# What this task involves:
If any record holds an image, omit the image and print the rest exactly.

Web page caption snippets:

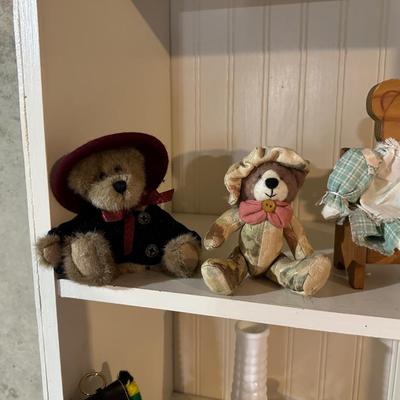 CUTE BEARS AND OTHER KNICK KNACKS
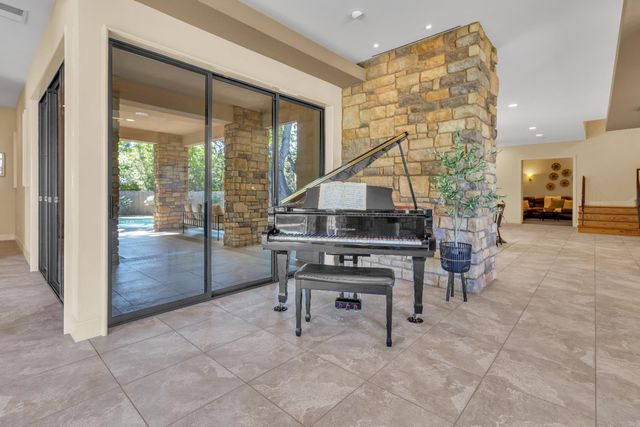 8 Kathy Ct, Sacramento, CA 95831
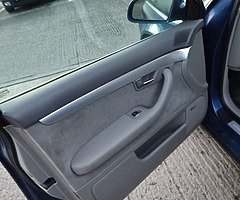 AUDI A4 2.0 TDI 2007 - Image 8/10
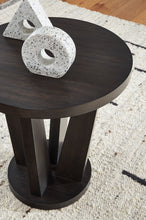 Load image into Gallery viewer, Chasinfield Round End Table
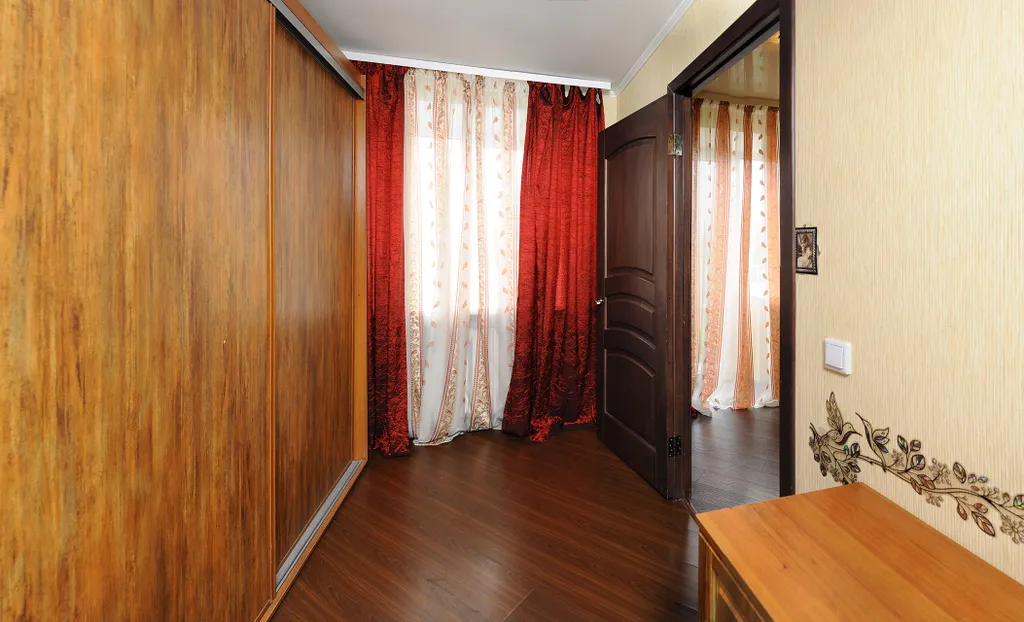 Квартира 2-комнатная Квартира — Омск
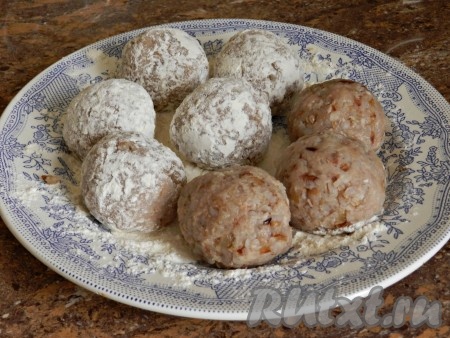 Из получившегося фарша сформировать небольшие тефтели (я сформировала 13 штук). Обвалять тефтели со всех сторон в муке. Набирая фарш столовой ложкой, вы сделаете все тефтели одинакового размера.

# Answer section:
 CUTE BEARS AND OTHER KNICK KNACKS
 8 Kathy Ct, Sacramento, CA 95831
 AUDI A4 2.0 TDI 2007 - Image 8/10
 Load image into Gallery viewer, Chasinfield Round End Table
 Квартира 2-комнатная Квартира — Омск
 Из получившегося фарша сформировать небольшие тефтели (я сформировала 13 штук). Обвалять тефтели со всех сторон в муке. Набирая фарш столовой ложкой, вы сделаете все тефтели одинакового размера.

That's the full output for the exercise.